Os imigrantes latino-americanos, por sua proximidade com a cultura e a língua espanholas e por sua tradição associativa, tendem a criar entidades e adotar porta-vozes. Entre os marroquinos e entre os africanos é mais difícil. Na Catalunha, somente em abril passado surgiu uma federação de entidades culturais catalãs de origem marroquina. Eles mesmos fizeram um mea culpa por ser um dos coletivos pior organizados. A necessidade de dar coesão ao tecido associativo anda junto com a de trabalhar para oferecer um âmbito de diálogo, reflexão e debate. Inclusive se anunciou a criação de uma Casa do Marrocos em Barcelona. Poderia ser um passo a mais.

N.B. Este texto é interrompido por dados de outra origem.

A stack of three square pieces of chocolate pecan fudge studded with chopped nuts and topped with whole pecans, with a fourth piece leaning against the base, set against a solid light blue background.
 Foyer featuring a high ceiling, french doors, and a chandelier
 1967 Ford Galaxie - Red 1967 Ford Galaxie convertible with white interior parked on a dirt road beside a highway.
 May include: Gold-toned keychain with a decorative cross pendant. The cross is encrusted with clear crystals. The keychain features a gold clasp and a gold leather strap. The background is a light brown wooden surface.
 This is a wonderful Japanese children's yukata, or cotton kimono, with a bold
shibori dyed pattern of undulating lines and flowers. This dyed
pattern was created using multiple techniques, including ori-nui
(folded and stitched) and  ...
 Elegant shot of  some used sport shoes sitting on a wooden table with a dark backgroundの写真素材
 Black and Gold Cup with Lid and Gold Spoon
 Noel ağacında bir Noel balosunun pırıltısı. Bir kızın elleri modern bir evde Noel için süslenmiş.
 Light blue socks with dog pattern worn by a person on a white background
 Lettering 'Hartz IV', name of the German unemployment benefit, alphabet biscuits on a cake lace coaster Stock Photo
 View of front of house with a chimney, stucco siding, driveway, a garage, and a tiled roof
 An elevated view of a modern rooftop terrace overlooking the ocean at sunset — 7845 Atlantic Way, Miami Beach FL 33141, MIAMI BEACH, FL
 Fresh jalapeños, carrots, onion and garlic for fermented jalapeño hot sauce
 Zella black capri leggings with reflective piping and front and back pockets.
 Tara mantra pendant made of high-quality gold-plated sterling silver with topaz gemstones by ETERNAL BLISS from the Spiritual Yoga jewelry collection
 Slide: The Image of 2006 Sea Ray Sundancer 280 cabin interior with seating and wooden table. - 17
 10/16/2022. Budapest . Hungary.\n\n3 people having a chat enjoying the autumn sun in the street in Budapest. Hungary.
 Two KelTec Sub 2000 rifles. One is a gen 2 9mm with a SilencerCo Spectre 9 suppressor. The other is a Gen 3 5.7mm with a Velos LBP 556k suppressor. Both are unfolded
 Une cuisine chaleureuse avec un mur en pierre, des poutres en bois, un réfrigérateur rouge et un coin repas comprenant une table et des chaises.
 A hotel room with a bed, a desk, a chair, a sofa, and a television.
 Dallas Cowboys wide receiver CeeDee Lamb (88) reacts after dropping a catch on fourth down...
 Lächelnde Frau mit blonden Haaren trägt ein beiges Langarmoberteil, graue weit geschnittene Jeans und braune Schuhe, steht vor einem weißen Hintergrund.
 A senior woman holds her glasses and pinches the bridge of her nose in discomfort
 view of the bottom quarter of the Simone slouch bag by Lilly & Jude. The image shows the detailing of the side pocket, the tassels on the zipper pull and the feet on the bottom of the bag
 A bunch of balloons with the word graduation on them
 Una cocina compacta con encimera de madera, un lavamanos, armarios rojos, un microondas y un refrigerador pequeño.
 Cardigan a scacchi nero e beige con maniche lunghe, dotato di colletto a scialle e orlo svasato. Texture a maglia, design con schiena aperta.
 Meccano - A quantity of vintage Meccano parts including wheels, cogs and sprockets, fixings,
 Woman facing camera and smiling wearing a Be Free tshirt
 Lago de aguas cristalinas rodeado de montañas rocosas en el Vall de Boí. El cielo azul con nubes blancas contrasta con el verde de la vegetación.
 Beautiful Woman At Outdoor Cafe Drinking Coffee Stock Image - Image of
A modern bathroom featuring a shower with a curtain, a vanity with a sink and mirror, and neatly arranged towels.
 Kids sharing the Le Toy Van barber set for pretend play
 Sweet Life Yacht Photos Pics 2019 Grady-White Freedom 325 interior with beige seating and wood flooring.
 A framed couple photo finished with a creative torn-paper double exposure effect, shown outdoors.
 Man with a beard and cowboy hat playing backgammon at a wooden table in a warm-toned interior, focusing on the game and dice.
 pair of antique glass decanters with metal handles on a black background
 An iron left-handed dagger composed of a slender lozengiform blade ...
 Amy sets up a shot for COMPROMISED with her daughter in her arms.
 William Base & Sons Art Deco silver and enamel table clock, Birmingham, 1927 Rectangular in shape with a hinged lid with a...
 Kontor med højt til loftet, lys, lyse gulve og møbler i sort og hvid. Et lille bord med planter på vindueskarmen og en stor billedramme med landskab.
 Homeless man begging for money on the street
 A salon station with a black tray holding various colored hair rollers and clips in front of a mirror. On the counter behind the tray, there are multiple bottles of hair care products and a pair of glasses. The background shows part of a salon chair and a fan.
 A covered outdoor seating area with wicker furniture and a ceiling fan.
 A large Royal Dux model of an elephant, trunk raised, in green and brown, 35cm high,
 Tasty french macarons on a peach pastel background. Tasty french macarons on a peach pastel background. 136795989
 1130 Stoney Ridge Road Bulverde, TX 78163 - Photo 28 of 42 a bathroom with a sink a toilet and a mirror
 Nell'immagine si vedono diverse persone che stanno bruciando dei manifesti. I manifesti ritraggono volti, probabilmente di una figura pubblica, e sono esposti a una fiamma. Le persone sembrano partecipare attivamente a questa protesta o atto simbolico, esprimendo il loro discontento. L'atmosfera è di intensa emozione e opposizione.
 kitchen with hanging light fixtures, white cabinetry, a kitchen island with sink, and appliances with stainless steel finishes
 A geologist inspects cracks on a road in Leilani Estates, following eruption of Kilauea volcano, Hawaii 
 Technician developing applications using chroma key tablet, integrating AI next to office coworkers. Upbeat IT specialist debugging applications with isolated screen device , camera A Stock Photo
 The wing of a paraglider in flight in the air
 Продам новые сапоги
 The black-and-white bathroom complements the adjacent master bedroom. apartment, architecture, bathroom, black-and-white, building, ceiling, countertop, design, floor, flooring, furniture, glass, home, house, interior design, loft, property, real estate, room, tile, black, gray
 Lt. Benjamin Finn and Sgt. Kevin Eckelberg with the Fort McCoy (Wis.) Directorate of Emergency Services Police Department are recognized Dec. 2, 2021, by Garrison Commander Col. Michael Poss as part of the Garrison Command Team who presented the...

"Tudo começou com Khomeini"
A entrada dos radicais islâmicos na política começou no Irã com a revolução de Khomeini, em 1979. É a hipótese de Tahar Ben Jelloun (nascido em Fez, Marrocos, em 1944). O ex-dirigente iraniano disse que o islã seria político. E o fracasso das ideologias progressistas no mundo árabe propiciou que o islã ocupasse esse vazio.

"De uma religião se fez uma ideologia, e isso é um perigo", afirma Jelloun, um prestigioso intelectual que vive entre Tânger e Paris.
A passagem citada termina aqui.